Didier 'OdyX' Raboud <didier@raboud.com> writes:

> Goswin von Brederlow wrote:
>
>> Aneurin Price <aneurin.price@gmail.com> writes:
>> 
>>> Hi,
>>>
>>> I've just spent over an hour writing and rewriting this mail, and
>>> determined that I can't think of a single constructive thing to say.
>>>
>>> So I'll just ask a couple of questions instead:
>>>
>>> Is there any way of preventing this kind of major breakage in the future?
>>> I don't think many people expect that upgrading one package will FUBAR
>>> the packaging system.
>>>
>>> Is there any chance of Wine becoming functional on amd64 in the
>>> forseeable future?
>> 
>> # apt-get install ia32-wine
>> (...)
>> 0 upgraded, 11 newly installed, 0 to remove and 187 not upgraded.
>> Need to get 11.0MB of archives.
>> After this operation, 51.4MB of additional disk space will be used.
>> Do you want to continue [Y/n]? y
>> ...
>> 
>> % winemine
>> 
>> Have fun. Works both with sid and experimental wine. Provided you have
>> a lib32ncurses5 and lib32readline5 with the lib32 transition completed
>> that is. Bug the respective maintainers for that one.
>
> Hi Goswin, 
>
> Sorry, but that's plain false. The package ia32-wine is non-existant.
>
> # apt-get install ia32-wine
> Reading package lists... Done
> Building dependency tree
> Reading state information... Done
> E: Couldn't find package ia32-wine

Ia32-wine is only available when ia32-apt-get is installed. I assumed
you already had that. What exactly will happen with wine or how
exactly it will do the trick to be installable out of the box isn't
fixed yet.

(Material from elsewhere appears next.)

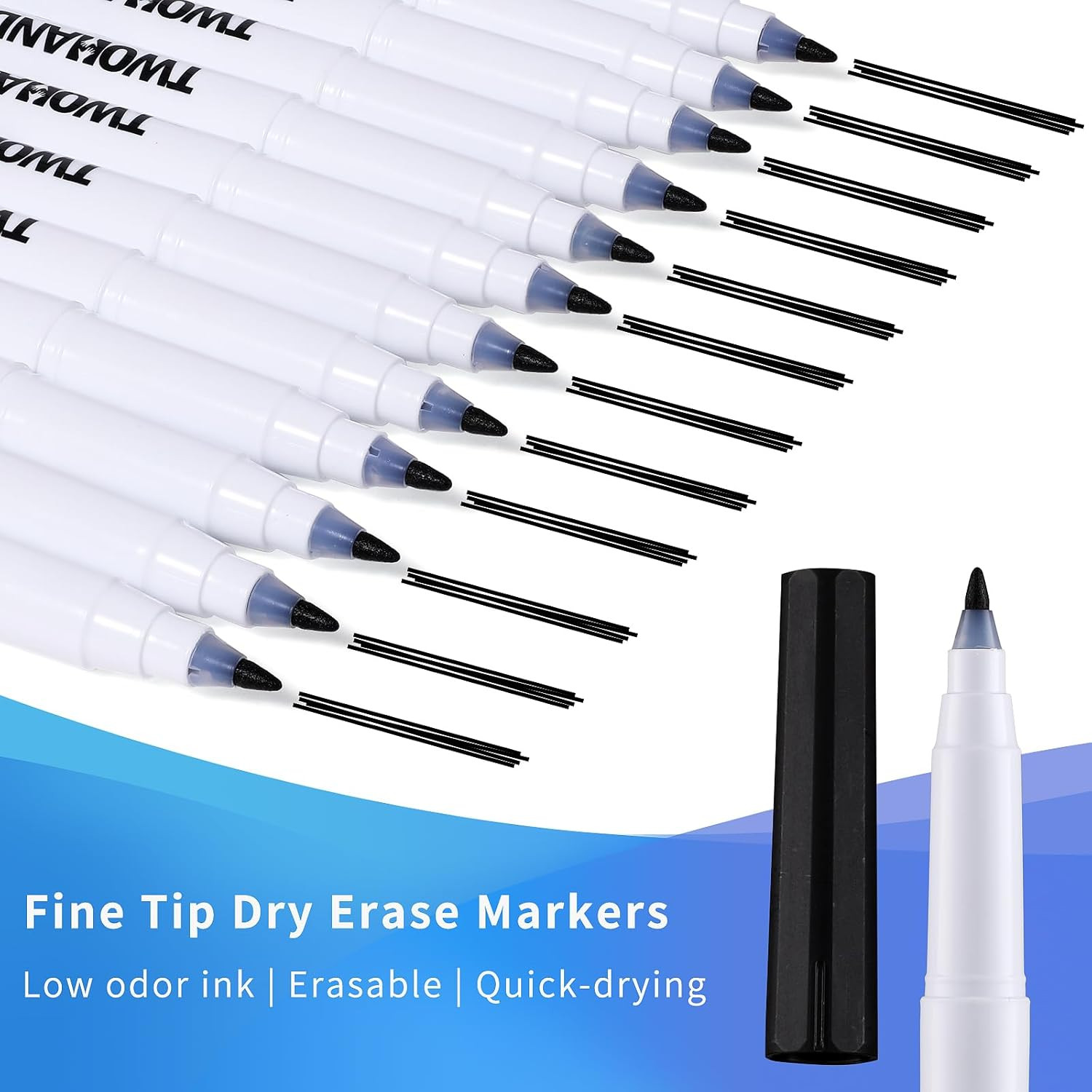 Dry Erase Markers Fine Tip Black,Ultra Fine Extra Fine Point 0.7Mm,Low Odor,Whit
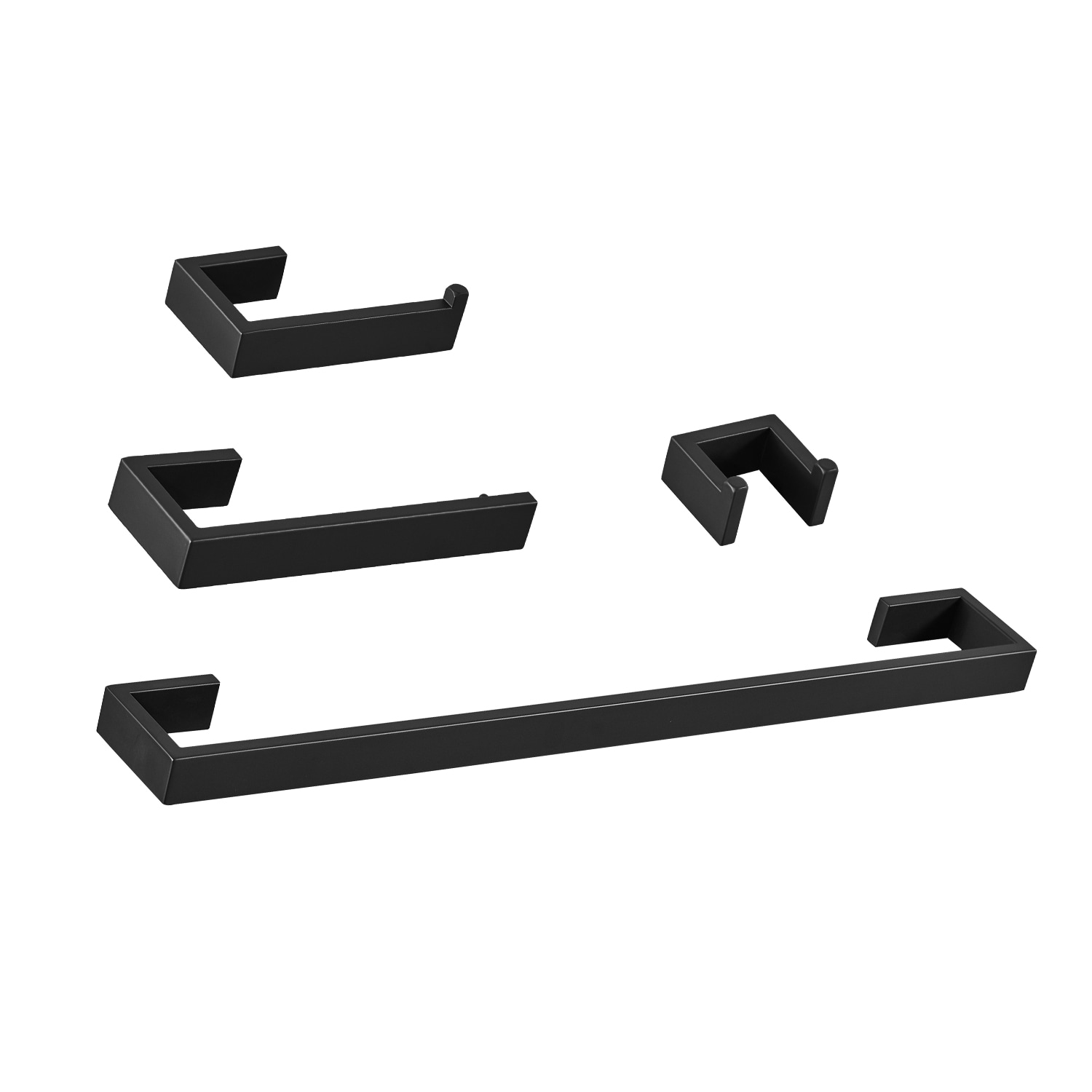 Juego de accesorios de baño en mate negro de 4 piezas - Barra de toalla, porta papel higiénico, gancho para batas incluido A-91001-NEGRO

It is possible the same 2 stage install as ia32-libs will
be used or something better.

> But the package "wine" is and here is what I get :
>
> # apt-get install wine
> (...) works
>
> $ winemine
> (does not work)

That will install the wine_..._amd64.deb that is in unstable but
missing in experimental for the latest version. Depending on the
solution it might disapear in unstable or be repalced by a Meta
package of one form or another.

>From talking to the wine maintainer I know that in the not to distant
future wine will support the win64 API so you can run 64bit windows
programs. So the actualy outcome might be that you have 3 packages:
wine, ia32-wine and wine64. Where wine would pull in ia32-wine and
wine64 and an contain a wrapper so "wine foo.exe" calls the right one.

You will have to see how wine will turn out.